Rangers
- President: William McBeath
- Ground: Flesher's Haugh
- Scottish Cup: Second round
- Top goalscorer: League: All: Moses McNeil, David Gibb (1)
| Home colours |
- 1875–76 →

= 1870s Rangers F.C. seasons =

Rangers were founded in 1872, and began competitive play in 1874. The team then participated in the Scottish Cup during every season for the rest of the decade.
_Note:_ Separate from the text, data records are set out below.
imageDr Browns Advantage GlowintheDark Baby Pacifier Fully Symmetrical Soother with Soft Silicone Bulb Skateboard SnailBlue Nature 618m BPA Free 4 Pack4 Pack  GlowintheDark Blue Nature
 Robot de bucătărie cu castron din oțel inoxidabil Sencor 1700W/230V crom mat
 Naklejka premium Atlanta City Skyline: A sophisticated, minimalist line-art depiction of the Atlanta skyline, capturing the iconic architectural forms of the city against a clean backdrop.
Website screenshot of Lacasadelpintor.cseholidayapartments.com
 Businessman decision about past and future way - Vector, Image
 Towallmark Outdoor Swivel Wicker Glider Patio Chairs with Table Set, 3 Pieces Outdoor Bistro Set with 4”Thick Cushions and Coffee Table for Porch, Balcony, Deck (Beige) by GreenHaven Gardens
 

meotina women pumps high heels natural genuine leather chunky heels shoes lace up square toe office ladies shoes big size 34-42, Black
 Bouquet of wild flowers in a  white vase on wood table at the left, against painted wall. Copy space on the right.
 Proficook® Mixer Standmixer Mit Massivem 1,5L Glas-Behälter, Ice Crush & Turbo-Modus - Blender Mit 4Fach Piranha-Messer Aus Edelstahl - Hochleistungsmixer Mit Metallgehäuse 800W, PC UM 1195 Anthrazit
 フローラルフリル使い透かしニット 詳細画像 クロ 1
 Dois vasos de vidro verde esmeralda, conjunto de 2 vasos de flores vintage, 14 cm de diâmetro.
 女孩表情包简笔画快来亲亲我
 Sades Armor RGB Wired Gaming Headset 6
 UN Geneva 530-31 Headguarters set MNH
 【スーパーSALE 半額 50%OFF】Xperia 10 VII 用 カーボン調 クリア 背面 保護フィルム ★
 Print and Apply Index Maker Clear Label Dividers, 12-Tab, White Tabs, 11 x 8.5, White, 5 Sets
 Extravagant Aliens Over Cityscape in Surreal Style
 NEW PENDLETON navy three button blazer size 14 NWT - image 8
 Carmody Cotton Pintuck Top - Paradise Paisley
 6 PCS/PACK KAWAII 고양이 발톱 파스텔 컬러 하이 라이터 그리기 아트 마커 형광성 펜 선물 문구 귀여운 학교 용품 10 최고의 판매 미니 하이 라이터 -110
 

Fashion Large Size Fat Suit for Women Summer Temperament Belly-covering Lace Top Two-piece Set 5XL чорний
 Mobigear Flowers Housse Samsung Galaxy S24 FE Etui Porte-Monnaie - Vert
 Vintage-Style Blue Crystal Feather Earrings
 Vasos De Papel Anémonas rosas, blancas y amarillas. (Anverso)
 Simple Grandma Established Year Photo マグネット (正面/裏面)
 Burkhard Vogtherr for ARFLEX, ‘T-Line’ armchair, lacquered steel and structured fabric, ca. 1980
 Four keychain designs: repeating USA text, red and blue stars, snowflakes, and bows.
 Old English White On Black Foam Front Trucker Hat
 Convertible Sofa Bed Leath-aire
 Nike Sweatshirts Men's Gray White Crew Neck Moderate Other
Though they did not win the Scottish cup during the 1870s, Rangers reached the final round twice.

==1874–75 season==

The 1874–75 season was the first season of competitive football by Rangers.

===Overview===
Rangers entered the Scottish Cup for the first time and reached the second round where they lost to Dumbarton after a replay.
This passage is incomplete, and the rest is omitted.